Hi,
I am trying to run the chroma container just for testing our new C4140 comes with 4 x V100. I have installed CUDA 10.0 on the host machine as normal. But when trying to run that it failed:
$ mpirun -n 4 chroma -i ./test.ini.xml -geom 1 1 1 4 -ptxdb ./qdpdb
There is no device supporting CUDA.
There is no device supporting CUDA.
There is no device supporting CUDA.
There is no device supporting CUDA.
-------------------------------------------------------
Primary job terminated normally, but 1 process returned
a non-zero exit code. Per user-direction, the job has been aborted.

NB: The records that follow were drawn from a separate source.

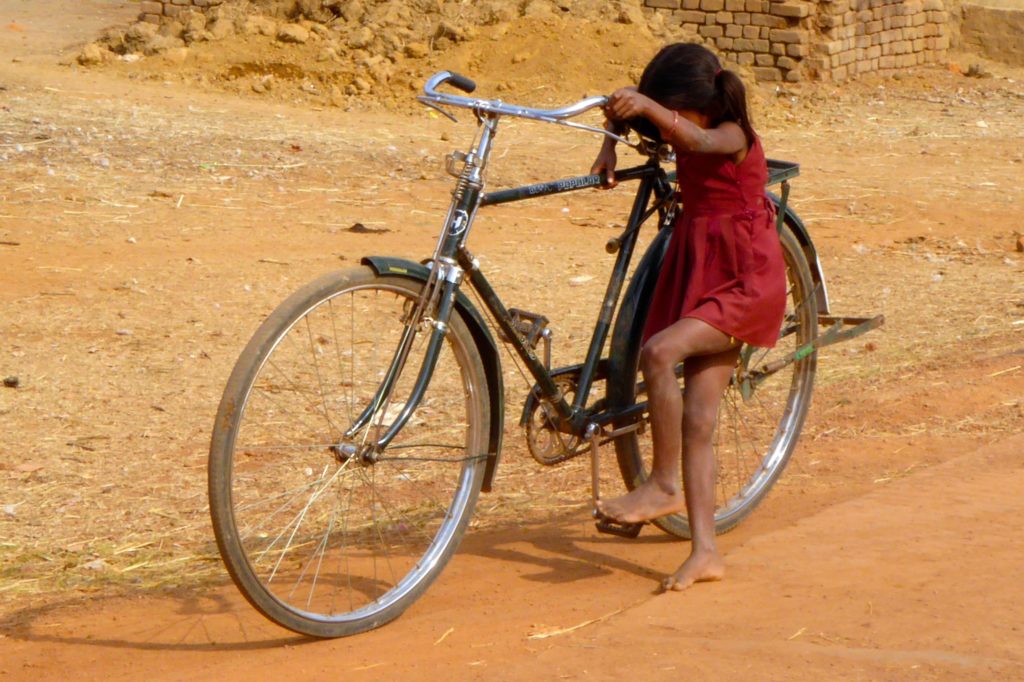 Straßenfotografie in Indien unter dem Motto aller Anfang ist schwer. Mädchen mit Fahrrad.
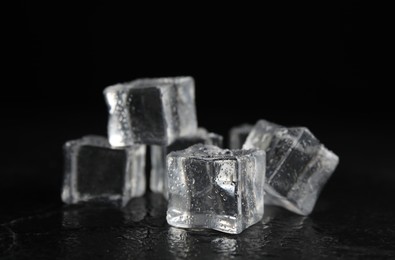 Photo of Ice cubes with water drops on black background, closeup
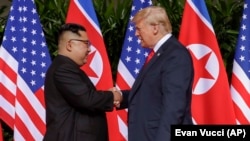 U.S. President Donald Trump (right) held an unprecedented first summit with North Korean leader Kim Jong Un in Singapore on June 12.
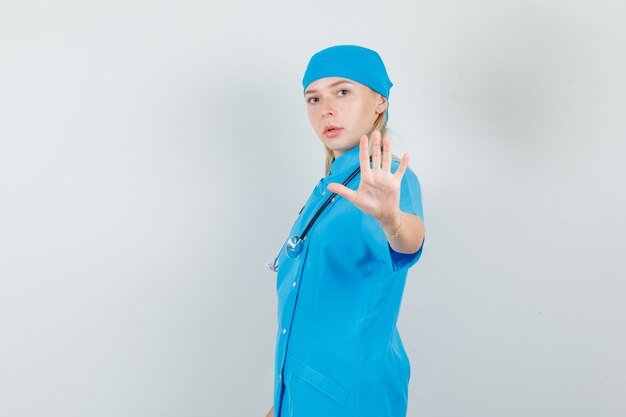 Doctora en uniforme azul mostrando gesto de rechazo con la mano y mirando serio.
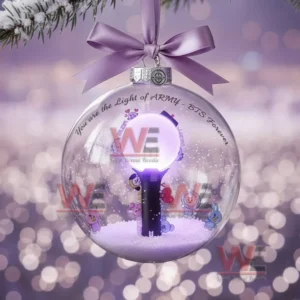 A BTS themed Christmas ornament showing a purple lit concert stage inside a glass ball with a ribbon labeled BTS Stage Winter Edition.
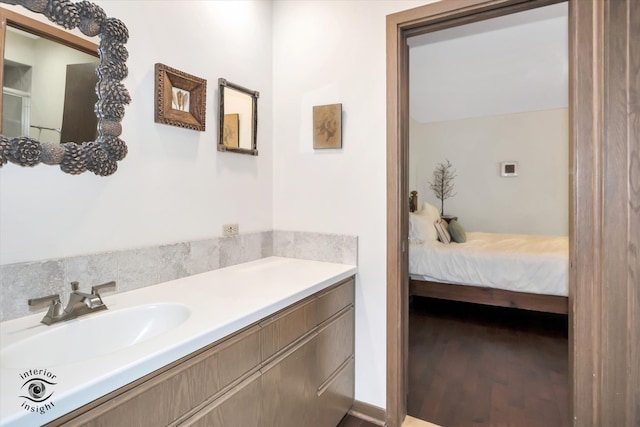 bathroom with vanity and hardwood / wood-style flooring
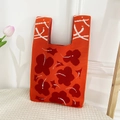 Handcrafted knit tote bag in vibrant orange featuring a red floral pattern design - Floral Leaf Orange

-------------------------------------------------------
--------------------------------------------------------------------------
mpirun detected that one or more processes exited with non-zero status, thus causing
the job to be terminated. The first process to do so was:
Process name: [[58320,1],0]
Exit code: 1
--------------------------------------------------------------------------
$ nvidia-smi
Thu Feb 28 14:38:45 2019
+-----------------------------------------------------------------------------+
| NVIDIA-SMI 410.48 Driver Version: 410.48 |
|-------------------------------+----------------------+----------------------+
| GPU Name Persistence-M| Bus-Id Disp.A | Volatile Uncorr. ECC |
| Fan Temp Perf Pwr:Usage/Cap| Memory-Usage | GPU-Util Compute M. |
|===============================+======================+======================|
| 0 Tesla V100-SXM2... Off | 00000000:1A:00.0 Off | 0 |
| N/A 37C P0 55W / 300W | 0MiB / 16130MiB | 0% Default |
+-------------------------------+----------------------+----------------------+
| 1 Tesla V100-SXM2... Off | 00000000:1C:00.0 Off | 0 |
| N/A 34C P0 53W / 300W | 0MiB / 16130MiB | 0% Default |
+-------------------------------+----------------------+----------------------+
| 2 Tesla V100-SXM2... Off | 00000000:1D:00.0 Off | 0 |
| N/A 33C P0 54W / 300W | 0MiB / 16130MiB | 0% Default |
+-------------------------------+----------------------+----------------------+
| 3 Tesla V100-SXM2... Off | 00000000:1E:00.0 Off | 0 |
| N/A 35C P0 55W / 300W | 0MiB / 16130MiB | 4% Default |
+-------------------------------+----------------------+----------------------+
+-----------------------------------------------------------------------------+
| Processes: GPU Memory |
| GPU PID Type Process name Usage |
|=============================================================================|
| No running processes found |
+-----------------------------------------------------------------------------+
$ nvcc --version
nvcc: NVIDIA (R) Cuda compiler driver
Copyright (c) 2005-2018 NVIDIA Corporation
Built on Sat_Aug_25_21:08:01_CDT_2018
Cuda compilation tools, release 10.0, V10.0.130
As you can see the container seems to be finding the devices OK. Any comment welcome.
Cheers,
Derrick